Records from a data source
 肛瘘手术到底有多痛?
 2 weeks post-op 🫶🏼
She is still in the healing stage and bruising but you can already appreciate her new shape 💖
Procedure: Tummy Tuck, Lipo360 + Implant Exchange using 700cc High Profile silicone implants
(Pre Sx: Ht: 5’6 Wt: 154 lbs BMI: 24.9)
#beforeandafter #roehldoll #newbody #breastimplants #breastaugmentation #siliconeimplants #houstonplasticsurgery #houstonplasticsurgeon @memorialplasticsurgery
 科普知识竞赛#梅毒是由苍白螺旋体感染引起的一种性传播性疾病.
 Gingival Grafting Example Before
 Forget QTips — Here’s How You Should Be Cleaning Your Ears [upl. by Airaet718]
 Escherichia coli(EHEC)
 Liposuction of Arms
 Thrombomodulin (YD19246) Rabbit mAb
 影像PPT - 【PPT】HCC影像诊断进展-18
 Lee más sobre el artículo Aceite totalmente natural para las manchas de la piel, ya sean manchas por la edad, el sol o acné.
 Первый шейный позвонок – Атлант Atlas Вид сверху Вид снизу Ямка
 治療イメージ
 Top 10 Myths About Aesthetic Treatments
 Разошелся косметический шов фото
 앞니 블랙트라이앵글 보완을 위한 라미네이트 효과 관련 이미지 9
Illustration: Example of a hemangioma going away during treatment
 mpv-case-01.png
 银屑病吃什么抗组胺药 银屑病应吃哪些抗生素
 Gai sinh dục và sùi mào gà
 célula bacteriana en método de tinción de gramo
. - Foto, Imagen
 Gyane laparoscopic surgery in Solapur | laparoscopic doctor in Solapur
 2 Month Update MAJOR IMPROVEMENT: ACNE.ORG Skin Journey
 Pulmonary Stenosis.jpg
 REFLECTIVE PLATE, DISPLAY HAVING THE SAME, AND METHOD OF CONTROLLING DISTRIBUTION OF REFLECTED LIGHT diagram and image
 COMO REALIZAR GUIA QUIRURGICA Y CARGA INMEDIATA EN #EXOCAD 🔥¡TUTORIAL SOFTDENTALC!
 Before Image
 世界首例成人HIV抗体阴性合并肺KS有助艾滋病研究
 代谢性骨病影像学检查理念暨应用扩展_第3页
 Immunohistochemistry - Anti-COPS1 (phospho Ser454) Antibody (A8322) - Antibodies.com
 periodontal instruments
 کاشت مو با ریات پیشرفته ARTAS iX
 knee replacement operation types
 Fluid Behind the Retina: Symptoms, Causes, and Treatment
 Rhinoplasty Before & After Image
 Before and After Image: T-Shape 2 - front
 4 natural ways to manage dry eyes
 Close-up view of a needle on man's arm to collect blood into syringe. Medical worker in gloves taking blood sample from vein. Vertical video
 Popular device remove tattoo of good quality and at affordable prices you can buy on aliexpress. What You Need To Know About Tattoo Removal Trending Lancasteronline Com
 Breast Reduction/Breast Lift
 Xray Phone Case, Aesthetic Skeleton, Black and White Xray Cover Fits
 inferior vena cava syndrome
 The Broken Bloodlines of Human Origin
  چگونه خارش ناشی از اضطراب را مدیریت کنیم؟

> WHAT IS REQUIRED
Return only the lines running from the line with "Gai sinh dục và sùi mào gà" to the last line of the records, both included, exactly as written.

> ANSWER BOX
 Gai sinh dục và sùi mào gà
 célula bacteriana en método de tinción de gramo
. - Foto, Imagen
 Gyane laparoscopic surgery in Solapur | laparoscopic doctor in Solapur
 2 Month Update MAJOR IMPROVEMENT: ACNE.ORG Skin Journey
 Pulmonary Stenosis.jpg
 REFLECTIVE PLATE, DISPLAY HAVING THE SAME, AND METHOD OF CONTROLLING DISTRIBUTION OF REFLECTED LIGHT diagram and image
 COMO REALIZAR GUIA QUIRURGICA Y CARGA INMEDIATA EN #EXOCAD 🔥¡TUTORIAL SOFTDENTALC!
 Before Image
 世界首例成人HIV抗体阴性合并肺KS有助艾滋病研究
 代谢性骨病影像学检查理念暨应用扩展_第3页
 Immunohistochemistry - Anti-COPS1 (phospho Ser454) Antibody (A8322) - Antibodies.com
 periodontal instruments
 کاشت مو با ریات پیشرفته ARTAS iX
 knee replacement operation types
 Fluid Behind the Retina: Symptoms, Causes, and Treatment
 Rhinoplasty Before & After Image
 Before and After Image: T-Shape 2 - front
 4 natural ways to manage dry eyes
 Close-up view of a needle on man's arm to collect blood into syringe. Medical worker in gloves taking blood sample from vein. Vertical video
 Popular device remove tattoo of good quality and at affordable prices you can buy on aliexpress. What You Need To Know About Tattoo Removal Trending Lancasteronline Com
 Breast Reduction/Breast Lift
 Xray Phone Case, Aesthetic Skeleton, Black and White Xray Cover Fits
 inferior vena cava syndrome
 The Broken Bloodlines of Human Origin
  چگونه خارش ناشی از اضطراب را مدیریت کنیم؟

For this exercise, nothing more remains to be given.